Work to be completed: In the records below, find the line that contains "La Diputación de" and the line that contains "1pc cartoon my". Set down exactly those lines and every line between them, and nothing more.

↓↓↓

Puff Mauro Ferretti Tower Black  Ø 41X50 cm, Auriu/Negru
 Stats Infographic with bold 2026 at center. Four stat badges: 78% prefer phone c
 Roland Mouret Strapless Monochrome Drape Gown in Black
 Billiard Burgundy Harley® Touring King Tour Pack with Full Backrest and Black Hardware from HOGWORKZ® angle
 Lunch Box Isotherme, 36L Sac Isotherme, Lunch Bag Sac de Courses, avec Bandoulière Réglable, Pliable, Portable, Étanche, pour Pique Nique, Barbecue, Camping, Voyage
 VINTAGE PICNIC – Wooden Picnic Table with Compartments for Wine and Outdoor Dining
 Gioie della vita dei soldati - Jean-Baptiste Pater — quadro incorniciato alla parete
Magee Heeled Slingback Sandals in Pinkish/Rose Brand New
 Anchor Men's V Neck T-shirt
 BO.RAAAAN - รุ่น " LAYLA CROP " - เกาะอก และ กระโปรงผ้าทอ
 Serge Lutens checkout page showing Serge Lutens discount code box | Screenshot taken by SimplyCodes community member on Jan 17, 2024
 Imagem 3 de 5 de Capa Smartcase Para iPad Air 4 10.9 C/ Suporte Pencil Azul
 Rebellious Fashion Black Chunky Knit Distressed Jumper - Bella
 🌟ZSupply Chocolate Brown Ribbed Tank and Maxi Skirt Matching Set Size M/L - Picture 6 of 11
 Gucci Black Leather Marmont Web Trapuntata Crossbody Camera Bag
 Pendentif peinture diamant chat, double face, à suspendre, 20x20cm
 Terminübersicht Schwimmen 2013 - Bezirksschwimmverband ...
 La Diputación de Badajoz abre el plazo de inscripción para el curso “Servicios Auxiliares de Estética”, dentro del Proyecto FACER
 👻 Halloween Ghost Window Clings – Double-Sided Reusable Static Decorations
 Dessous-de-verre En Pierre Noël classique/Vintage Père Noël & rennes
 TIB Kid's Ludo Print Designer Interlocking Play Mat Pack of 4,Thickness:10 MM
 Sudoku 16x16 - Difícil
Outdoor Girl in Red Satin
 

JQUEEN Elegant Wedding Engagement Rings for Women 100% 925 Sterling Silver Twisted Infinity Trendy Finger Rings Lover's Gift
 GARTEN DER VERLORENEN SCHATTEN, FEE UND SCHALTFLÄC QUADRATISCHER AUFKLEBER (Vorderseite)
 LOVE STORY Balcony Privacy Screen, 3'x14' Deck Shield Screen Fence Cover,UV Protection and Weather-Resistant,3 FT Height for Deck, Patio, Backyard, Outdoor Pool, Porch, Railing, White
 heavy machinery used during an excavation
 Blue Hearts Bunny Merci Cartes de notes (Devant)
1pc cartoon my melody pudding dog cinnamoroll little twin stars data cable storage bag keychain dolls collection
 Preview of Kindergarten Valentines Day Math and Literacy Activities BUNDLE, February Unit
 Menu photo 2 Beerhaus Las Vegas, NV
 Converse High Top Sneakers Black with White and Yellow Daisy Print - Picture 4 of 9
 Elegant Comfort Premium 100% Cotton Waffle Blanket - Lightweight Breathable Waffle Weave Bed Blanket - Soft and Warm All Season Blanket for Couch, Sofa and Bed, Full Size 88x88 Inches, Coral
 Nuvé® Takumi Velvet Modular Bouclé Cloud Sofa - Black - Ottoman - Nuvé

↑↑↑

Response area:
 La Diputación de Badajoz abre el plazo de inscripción para el curso “Servicios Auxiliares de Estética”, dentro del Proyecto FACER
 👻 Halloween Ghost Window Clings – Double-Sided Reusable Static Decorations
 Dessous-de-verre En Pierre Noël classique/Vintage Père Noël & rennes
 TIB Kid's Ludo Print Designer Interlocking Play Mat Pack of 4,Thickness:10 MM
 Sudoku 16x16 - Difícil
Outdoor Girl in Red Satin
 

JQUEEN Elegant Wedding Engagement Rings for Women 100% 925 Sterling Silver Twisted Infinity Trendy Finger Rings Lover's Gift
 GARTEN DER VERLORENEN SCHATTEN, FEE UND SCHALTFLÄC QUADRATISCHER AUFKLEBER (Vorderseite)
 LOVE STORY Balcony Privacy Screen, 3'x14' Deck Shield Screen Fence Cover,UV Protection and Weather-Resistant,3 FT Height for Deck, Patio, Backyard, Outdoor Pool, Porch, Railing, White
 heavy machinery used during an excavation
 Blue Hearts Bunny Merci Cartes de notes (Devant)
1pc cartoon my melody pudding dog cinnamoroll little twin stars data cable storage bag keychain dolls collection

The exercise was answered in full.